Sinclair McKay

PROPERTY SPECIAL:Literary London

Until recently, a lively sub-genre of English literature was that devoted to London’s creepier, darker back streets. Peter Ackroyd took us on a grim tour of early 1980s (and early 1700s) Shoreditch and Limehouse in Hawksmoor; Iain Sinclair angrily traversed the weed-sprouting, rubbish-strewn streets of Hackney and Tilbury and what he called the ‘sumplands’ of Dagenham in Downriver.

Angela Carter peeked through the yellowing net curtains of dowdy south London, while Michael Moorcock beckoned us to explore the gentle sadness of peeling suburban avenues. Go further back and you will find Patrick Hamilton’s malign vision of Earls Court, Arthur Conan Doyle’s all-pervading fogs, Dickens’s appalling rookeries. The point is that it is very hard to find examples of writers who have viewed London as a city of light.

But the creepier parts of town that have (perversely) inspired so many London writers and artists are disappearing. Those alarming, dilapidated streets at the back of King’s Cross, for instance, have vanished, been pulled down and forgotten about in happy anticipation of the new Channel Tunnel rail link. What of Southwark, which used to be a reliably unnerving landscape of blackened brick and broken window? It’s all been tarted (or Tated) up, streets gleaming like new buttons.
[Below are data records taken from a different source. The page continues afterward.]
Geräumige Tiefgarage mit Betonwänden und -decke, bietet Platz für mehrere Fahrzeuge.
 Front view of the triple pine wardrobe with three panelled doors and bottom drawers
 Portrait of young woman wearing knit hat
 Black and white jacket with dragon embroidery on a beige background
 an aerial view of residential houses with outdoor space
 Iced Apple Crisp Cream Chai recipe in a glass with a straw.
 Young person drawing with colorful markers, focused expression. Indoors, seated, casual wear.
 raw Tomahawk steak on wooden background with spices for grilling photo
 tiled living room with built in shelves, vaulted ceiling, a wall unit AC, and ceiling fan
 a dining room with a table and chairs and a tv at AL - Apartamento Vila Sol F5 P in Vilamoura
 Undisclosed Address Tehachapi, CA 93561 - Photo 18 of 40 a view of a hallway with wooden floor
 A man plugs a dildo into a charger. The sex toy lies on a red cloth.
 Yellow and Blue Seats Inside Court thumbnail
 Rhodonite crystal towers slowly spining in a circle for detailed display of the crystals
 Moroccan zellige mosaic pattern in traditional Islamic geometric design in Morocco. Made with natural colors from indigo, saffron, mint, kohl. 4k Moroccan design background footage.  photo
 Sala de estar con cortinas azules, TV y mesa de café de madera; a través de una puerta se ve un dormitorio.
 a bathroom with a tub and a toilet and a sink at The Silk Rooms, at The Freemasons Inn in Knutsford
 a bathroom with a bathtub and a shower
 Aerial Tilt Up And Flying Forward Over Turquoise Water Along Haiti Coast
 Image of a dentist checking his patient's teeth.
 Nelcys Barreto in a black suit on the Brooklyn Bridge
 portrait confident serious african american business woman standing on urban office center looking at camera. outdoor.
Downriver, there is Woolwich. Until very recently a stroll around this area, with its incredibly lowering views of the muddy Thames and stained grey concrete embankments, was guaranteed to throw a cold, damp towel of depression around the soul. These days, one can wander along the newly landscaped riverfront near the old artillery and feel like a computer-generated image in a glossy estate-agent’s brochure.

Melanie McGrath’s recent book Silvertown, a haunting account of the life of her Eastender grandmother, is commendably unsentimental about life on that dark docklands peninsula.